Most platforms for chatbots haven’t quite cracked discovery. You will need to find nifty ways to let users know about it. The most important aspect here is to find ways to make it as easy as possible, the general rule of thumb being: the less clicks you need, the more users will give it a try. The most effective ways to get users to sign to your Facebook messenger for instance are:
From your website: the “send to messenger button”
From your Facebook page: the cover image
From the timeline: the “message”-post format
Make sure to think this through. There is no point in having a chatbot if no one knows about it. And I can’t say this often enough: just because you have one, doesn’t mean that users will magically sign up. If you you need a little more guidance, read this.
Have you prepared for the “meaning of life” questions?
It’s a great start to create automated responses to questions that you know your users are currently asking your social media team. However: we have found that users absolutely LOVE to try and trick the chatbot and find the hidden “Easter-eggs”. For some reason users are asking the Spectrm chatbot how old she is.
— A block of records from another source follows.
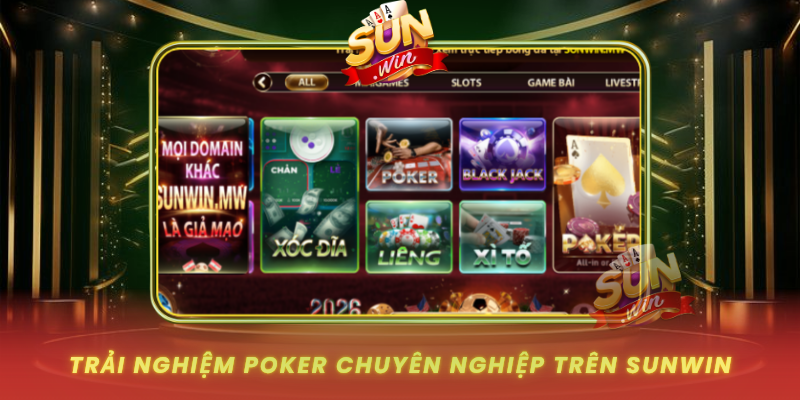 Trai Nghiem Poker Chuyen Nghiep Tren Sunwin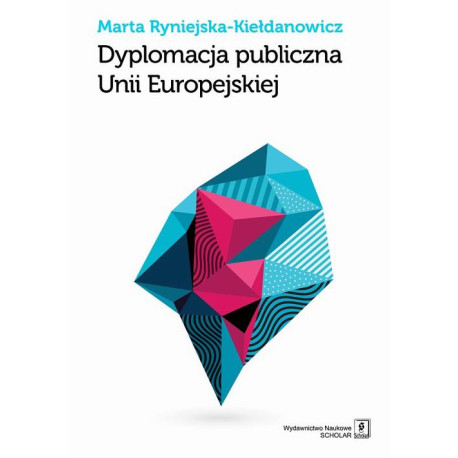 Dyplomacja publiczna Unii Europejskiej [E-Book] [pdf]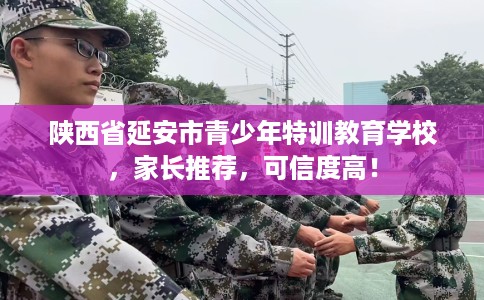 陕西省延安市青少年特训教育学校，家长推荐，可信度高！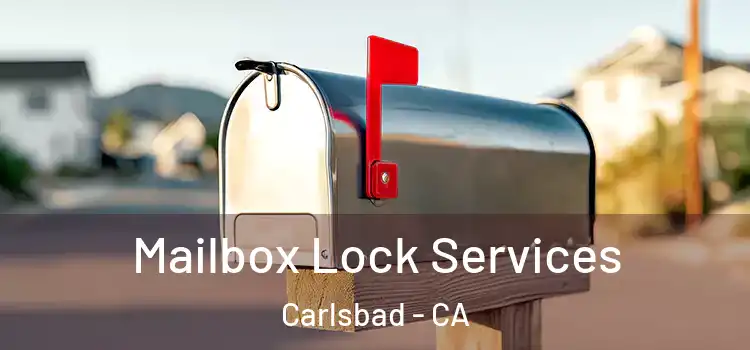  Mailbox Lock Services Carlsbad - CA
Others have experienced that users ask for the meaning of life and other questions that are not related to their company. This is exactly the reason why you should present at least a few questions and answers from the beginning. hecking down the line what your users are writing, you will be surprised. If they are trying to test the chatbot, and are pleasantly surprised, that’s exactly the kind of positive experiences that are unique to chatbots. They are memorable and shareable: that’s what you want.
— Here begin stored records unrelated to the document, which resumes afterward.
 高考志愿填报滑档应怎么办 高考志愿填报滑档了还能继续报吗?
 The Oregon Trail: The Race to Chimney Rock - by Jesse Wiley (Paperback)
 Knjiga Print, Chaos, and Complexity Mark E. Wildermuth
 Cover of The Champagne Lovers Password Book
Can users opt-out of your chatbot?
I know you don’t like to think about this as you are currently ecstatic about your launch and are strategizing on how to get to the first million users. There’s a practical reason you want to make it easy to opt-out though: users can just block you if they don’t want your content anymore . And whilst no one except Mark Zuckerberg himself knows exactly what happens a lot of users block a chatbot, from a technical point of view, we are pretty sure that is not a good thing.
There’s another reason though: spamming people is bad. Only idiots do that, and you are not an idiot. If some people don’t like your chatbot, that is absolutely fine, so let them go. There’s no reason to try and lock them in if they don’t like it. Focus on improving the experience for the users that do. In some cases a user will hastily opt-out, maybe because you sent them a little too much content at once. If you have done a good job before, the user will at some point check back, so you will want to ask yourself…
Can they easily opt back in?
It is quite common that users get used to your chatbot’s daily digest, morning briefing, or whatever format you are using to distribute. If a user checks back to the chat-window – what do they see? Is it a “k bye” kind of message? It should probably be something like: “Sorry to see you go. We would love to hear your feedback on how we can improve and if you change your mind, you can sign back up by clicking the button below.” If the user has received a positive message like this, it is much more likely that she will want to interact with the bot again in future
Needless to say, none of this will work in the long-run if you haven’t created a great chatbot in the first place. But if you have, I hope this gets you on the road to success. Chatbots are a completely new field to most people, so there is more than enough room to experiment, iterate and improve.